A woman victimized by Andrew Cuomo’s NYC ban of any support members during labour, which gained so much backlash that it was expelled within four days, details her traumatic experience of giving birth alone.{2}

She received a phone call informing her of the new policy:

“My mind racing, I took a deep breath and tried to hold onto logic and practicalities. This meant nobody else could accompany women in labour – no partners, no doulas, no grandmas-to-be. I asked if my husband would be allowed in the hospital to fill out the paperwork and carry my heavy hospital bag, or if I’d have to do that alone. She said he wouldn’t even be allowed in the building. He would have to drop me off at the curb.

“I hung up the phone, my husband hugged me, and we both cried. He would miss the birth of our second child – our baby girl.”
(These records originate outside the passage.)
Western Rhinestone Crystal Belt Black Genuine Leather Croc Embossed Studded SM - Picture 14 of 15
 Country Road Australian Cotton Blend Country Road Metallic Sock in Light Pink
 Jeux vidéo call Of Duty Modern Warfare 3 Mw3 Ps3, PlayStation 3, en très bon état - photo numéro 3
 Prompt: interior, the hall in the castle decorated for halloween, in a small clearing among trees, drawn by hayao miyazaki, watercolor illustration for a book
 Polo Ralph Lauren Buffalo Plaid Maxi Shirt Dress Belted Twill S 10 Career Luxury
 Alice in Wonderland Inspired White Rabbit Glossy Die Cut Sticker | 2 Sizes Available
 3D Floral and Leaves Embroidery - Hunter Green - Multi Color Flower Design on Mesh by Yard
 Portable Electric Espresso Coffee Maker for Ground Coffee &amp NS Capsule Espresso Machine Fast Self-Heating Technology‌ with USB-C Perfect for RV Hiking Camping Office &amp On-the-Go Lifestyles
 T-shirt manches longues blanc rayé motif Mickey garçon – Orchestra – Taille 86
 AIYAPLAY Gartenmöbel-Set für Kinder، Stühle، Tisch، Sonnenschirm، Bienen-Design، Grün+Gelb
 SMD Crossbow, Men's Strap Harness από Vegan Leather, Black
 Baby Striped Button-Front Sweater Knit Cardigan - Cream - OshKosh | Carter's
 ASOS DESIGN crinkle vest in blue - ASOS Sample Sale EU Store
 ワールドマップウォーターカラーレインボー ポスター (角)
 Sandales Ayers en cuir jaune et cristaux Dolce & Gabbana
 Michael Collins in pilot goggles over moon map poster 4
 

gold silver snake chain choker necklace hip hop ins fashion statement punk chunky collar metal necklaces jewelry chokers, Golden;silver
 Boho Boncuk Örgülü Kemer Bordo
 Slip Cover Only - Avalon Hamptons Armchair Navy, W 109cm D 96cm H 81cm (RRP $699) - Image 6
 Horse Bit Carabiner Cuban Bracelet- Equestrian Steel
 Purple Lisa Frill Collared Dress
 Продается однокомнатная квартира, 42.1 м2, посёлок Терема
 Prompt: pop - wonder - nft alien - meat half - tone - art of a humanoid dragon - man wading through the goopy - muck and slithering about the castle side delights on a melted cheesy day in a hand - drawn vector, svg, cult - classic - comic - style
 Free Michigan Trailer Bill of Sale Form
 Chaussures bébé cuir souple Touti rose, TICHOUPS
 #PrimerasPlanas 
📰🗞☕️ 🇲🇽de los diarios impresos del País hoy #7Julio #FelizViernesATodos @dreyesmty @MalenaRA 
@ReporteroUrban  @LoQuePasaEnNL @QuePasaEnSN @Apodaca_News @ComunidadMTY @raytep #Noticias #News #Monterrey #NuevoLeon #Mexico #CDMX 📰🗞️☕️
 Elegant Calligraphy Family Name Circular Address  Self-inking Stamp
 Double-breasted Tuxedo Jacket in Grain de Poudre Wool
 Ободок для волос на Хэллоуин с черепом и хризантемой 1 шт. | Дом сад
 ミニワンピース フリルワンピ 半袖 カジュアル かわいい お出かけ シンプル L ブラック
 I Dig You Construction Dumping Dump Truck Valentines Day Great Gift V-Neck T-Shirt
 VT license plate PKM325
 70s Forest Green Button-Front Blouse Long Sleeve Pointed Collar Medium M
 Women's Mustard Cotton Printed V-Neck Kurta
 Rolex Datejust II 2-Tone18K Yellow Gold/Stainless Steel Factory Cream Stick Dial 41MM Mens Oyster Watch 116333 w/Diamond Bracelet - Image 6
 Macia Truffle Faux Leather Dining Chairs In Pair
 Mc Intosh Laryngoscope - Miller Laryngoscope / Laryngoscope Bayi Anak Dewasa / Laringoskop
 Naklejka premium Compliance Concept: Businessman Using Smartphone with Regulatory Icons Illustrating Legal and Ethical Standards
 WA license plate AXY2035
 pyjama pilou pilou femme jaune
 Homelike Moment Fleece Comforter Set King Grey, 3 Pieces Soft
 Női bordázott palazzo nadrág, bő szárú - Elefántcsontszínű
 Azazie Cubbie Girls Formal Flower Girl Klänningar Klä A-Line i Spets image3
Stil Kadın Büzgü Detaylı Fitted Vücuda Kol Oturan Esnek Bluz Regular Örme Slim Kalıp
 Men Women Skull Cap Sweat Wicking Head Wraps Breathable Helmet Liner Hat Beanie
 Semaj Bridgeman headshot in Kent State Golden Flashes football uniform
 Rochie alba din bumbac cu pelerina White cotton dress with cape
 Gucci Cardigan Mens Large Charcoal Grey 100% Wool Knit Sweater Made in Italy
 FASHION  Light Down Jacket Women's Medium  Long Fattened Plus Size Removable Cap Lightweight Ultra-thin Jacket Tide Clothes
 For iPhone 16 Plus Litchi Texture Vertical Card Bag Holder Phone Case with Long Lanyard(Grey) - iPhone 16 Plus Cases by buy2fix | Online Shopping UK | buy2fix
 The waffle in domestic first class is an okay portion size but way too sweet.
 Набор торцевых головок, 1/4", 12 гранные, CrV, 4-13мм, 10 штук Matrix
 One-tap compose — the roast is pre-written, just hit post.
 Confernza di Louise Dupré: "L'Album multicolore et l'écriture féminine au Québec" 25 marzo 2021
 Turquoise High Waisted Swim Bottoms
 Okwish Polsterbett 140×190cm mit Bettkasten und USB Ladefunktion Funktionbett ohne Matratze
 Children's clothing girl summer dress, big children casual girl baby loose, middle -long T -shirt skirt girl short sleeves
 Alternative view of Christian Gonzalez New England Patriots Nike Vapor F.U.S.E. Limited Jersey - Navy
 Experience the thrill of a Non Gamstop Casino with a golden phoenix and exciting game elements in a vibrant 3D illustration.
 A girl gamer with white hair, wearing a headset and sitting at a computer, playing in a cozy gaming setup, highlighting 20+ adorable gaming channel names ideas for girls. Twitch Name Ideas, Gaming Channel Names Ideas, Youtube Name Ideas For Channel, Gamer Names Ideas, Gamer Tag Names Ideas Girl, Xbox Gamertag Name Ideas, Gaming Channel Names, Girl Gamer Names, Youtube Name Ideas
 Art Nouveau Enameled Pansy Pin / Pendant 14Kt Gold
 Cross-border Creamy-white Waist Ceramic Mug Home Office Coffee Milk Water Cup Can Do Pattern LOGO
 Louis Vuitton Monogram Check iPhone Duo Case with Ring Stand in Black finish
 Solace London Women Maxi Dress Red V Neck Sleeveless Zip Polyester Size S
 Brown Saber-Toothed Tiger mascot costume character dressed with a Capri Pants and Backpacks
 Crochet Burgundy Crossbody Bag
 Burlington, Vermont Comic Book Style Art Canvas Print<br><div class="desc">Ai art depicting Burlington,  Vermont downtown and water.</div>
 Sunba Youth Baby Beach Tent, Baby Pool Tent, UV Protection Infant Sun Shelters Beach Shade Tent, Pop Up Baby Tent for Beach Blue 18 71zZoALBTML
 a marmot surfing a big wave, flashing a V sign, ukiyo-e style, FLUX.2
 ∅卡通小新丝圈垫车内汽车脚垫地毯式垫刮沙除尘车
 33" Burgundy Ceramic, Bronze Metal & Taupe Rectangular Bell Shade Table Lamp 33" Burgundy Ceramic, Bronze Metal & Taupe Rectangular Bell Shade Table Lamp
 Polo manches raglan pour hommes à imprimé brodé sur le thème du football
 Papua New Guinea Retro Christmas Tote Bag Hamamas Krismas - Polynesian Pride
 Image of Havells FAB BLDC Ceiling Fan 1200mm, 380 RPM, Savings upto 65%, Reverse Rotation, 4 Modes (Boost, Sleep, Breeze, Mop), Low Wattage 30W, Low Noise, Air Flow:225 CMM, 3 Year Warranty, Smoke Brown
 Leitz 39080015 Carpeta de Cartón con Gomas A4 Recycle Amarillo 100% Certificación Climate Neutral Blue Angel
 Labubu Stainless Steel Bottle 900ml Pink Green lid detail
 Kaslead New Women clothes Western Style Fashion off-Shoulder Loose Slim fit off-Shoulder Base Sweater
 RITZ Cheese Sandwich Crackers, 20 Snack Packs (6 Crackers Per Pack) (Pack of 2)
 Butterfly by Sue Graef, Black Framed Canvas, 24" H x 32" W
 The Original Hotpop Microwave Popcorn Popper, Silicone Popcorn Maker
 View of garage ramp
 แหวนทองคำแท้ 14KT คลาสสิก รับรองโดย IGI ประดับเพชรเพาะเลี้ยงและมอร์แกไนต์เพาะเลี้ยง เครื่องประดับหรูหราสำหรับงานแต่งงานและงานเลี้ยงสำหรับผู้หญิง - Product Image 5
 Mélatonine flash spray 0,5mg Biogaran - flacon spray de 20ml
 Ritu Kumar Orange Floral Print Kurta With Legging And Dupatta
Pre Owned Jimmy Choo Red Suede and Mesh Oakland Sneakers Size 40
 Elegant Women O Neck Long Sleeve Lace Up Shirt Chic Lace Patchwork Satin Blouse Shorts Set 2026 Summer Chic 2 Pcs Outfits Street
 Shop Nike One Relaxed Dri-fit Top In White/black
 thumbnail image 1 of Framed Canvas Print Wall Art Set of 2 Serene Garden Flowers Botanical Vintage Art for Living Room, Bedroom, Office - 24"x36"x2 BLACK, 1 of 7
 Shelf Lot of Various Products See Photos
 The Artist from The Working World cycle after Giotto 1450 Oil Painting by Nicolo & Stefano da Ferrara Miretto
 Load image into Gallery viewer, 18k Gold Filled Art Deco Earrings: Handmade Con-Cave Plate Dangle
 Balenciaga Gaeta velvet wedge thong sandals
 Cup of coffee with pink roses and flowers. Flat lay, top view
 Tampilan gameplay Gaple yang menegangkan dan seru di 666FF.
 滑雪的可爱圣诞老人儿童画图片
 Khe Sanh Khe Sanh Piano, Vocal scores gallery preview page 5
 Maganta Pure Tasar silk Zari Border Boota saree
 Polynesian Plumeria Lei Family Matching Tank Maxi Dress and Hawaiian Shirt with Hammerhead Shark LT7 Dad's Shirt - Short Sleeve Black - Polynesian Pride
Upon entering the hospital:

“Thirty minutes later, I had been hand-sanitized and masked and questioned and set up in a delivery room. I sent my husband a photo of me smiling behind the mask, and one of the small clear plastic bassinet that would soon hold our daughter.”

Through her contractions:

“I FaceTimed my husband and managed to prop the phone against one of my bags so he could see the side of my face. He talked me through the contractions as they became stronger and longer. The nurse let me take the mask off through the worst contractions, and my husband reminded me to breathe.”

Through labour:

“It was time to push. There was an urgency in her voice. I was fully dilated, and I felt nauseated from lack of sleep (and lack of food, and lack of calm, and lack of partner). It was just after 2 a.m., and I knew I was going to vomit. I tore off the mask and threw up – violently. Then I realized I could no longer hear the baby’s heartbeat through the monitor. The nurses quickly adjusted me. Nothing. They adjusted again, and still nothing, and again, and still nothing. They rolled me over, and I wondered how I would tell my husband our baby girl was gone. Finally, after a frantic minute of adjusting me and the monitors, they found her heartbeat – it had slowed significantly when I vomited, but it was still there. Still steady. I grappled clumsily for my phone, called my husband on FaceTime at 2:16 a.m., and at 2:18 my doctor told me to push – now!”

To cutting the umbilical cord herself:

“At 2:19 I was holding my baby girl. I cut the cord myself, with her resting on my chest, and held the phone so my husband could see her. She cried and I cried, and the doctor assured me that she was OK.

“The next day in the hospital was a bit of a blur. Trying not to feel bitter or lonely, I returned to my mantras: My son was happy. My daughter was safe.”

I wonder if any of the policy makers or enforcers of these policies would accept these conditions themselves. I wonder if Christine Elliot would have considered this a healthy birth experience if she had been at the mercy of her own abusive policies, or if Andrew Cuomo would have obeyed his own orders.

Despite health units having updated their inhumane, unscientific policies to include one support person, which has still been proven detrimental for women who wish to include doulas, family members, or friends in their support team, the effects of those traumatic birth experiences will echo on.

They are also not the sole traumatic policies being inflicted upon the maternal process.

The climate of fear of the virus, exacerbated by the media, the stress of income loss caused by lockdowns, the police sirens patrolling the streets in places with curfews, is paired with the lack of ordinary support for pregnant women who are actively encouraged by the government to self-isolate:

“Stay home as much as possible, except for important medical appointments, and work from home if possible.

“Talk to your doctor, obstetrician or midwife about the possibility of telephone or videoconference appointments.

“Avoid visitors to your home, unless for medical purposes.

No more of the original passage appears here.